Dave Stangis, vice president for public affairs and corporate responsibility at Campbell Soup, said that in addition to reducing its energy use, his company is working to recycle 95% of the waste it generates globally, eliminate 100 million pounds of packaging and cut energy use by 35%, all in an effort to slash its carbon footprint by 50% in 10 years.
New Profit Streams
Radical innovation includes coming up with dramatic new uses for what was long considered “waste.” Many automakers also have zero waste goals, and have gotten surprisingly far in achieving them. Ford, for instance, has 14 plants globally that are “nil to landfill,” and in 2012 recycled 586,000 tons of scrap metal in North America, producing $225 million in new revenue. General Motors reports that 105 of 156 plants globally are zero waste (meaning less than 1% of residue), and are yielding $1 billion annually from what used to be landfill waste. Honda is also a leader, with 10 of 14 North American plants converted to zero waste.
According to Bernard David, groups such as the Natural Resources Defense Council are helping other companies find secondary markets for materials once destined for the landfill. “They’re using online solutions to facilitate the sale — or donation — of rejected shipments of, say, 80,000 pounds of carrots or 40,000 pounds of overripe [but consumable] bananas,” he said. It works on a smaller scale, too. David pointed to restaurants that are limiting menus, offering flexible portions (so people don’t leave food on their plates) and initiating staff waste reduction initiatives. “We need to understand that food waste occurs all along the supply chain,” David noted. “We need to be taking the highest and best uses for food.”

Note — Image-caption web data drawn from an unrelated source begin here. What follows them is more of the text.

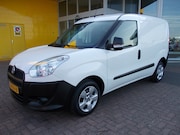 Fiat Doblò - 1.3 JTD 90PK MULTIJET 91000KM AIRCO, SCH.DEUR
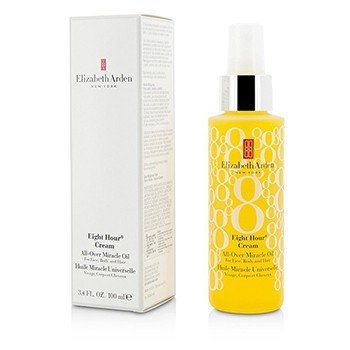 Eight Hour Cream All-Over Miracle Oil - For Face, Body & Hair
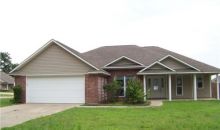 439 Blocker Ln Nash, TX 75569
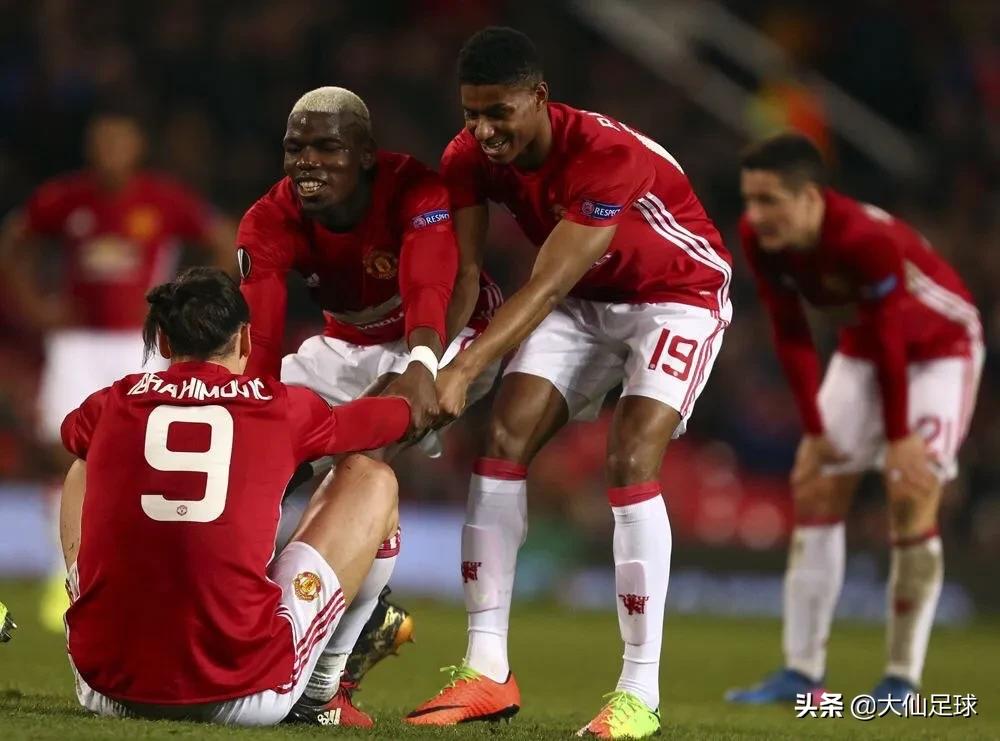 曼彻斯特德比曼联1:3曼城,英超曼联vs狼队2比0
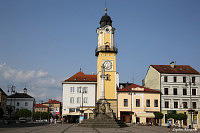 Banská Bystrica (Банска-Бистрица)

Such reuse is the key to the business of Rubicon Global, which is revolutionizing the waste and recycling business. The company doesn’t own landfills or truck fleets. According to Perry Moss, Rubicon Global’s president, “We create revenue by reducing the cost of waste and recycling services, optimizing logistical routes and diverting material from landfills…. It’s not rocket science; it’s about prevention, or not generating the waste in the first place.” Rubicon’s approach demands local solutions — environmental savings are quickly dissipated if recovered materials must be transported long distances.
Moss said that on average, Rubicon Global saves companies 20% to 30% on their waste and recycling-related bills, and significant amounts of administrative time. It’s not just food waste — some 400 million electronic devices are dumped annually in the U.S., and less than 15% are recycled. And much of the material shipped overseas for recycling is not handled in an environmentally friendly manner. Rubicon Global finds secure recycling solutions that can be reliably listed in sustainability reports, as well as on-site data protection, and the remarketing of parts to capture value that would otherwise be lost. Working with retailers across North America, Rubicon Global has implemented transportation solutions that eliminate two to three pickups per week, per location.
As WRI pointed out, individual accomplishments — including those of the leading-edge companies — can be impressive. But they are nowhere near adding up to a solution to our global nexus challenges. Still, there is growing evidence that sustainability has a seat at the table where corporate decisions are made. And in addition to the environmental benefits, the business case is compelling.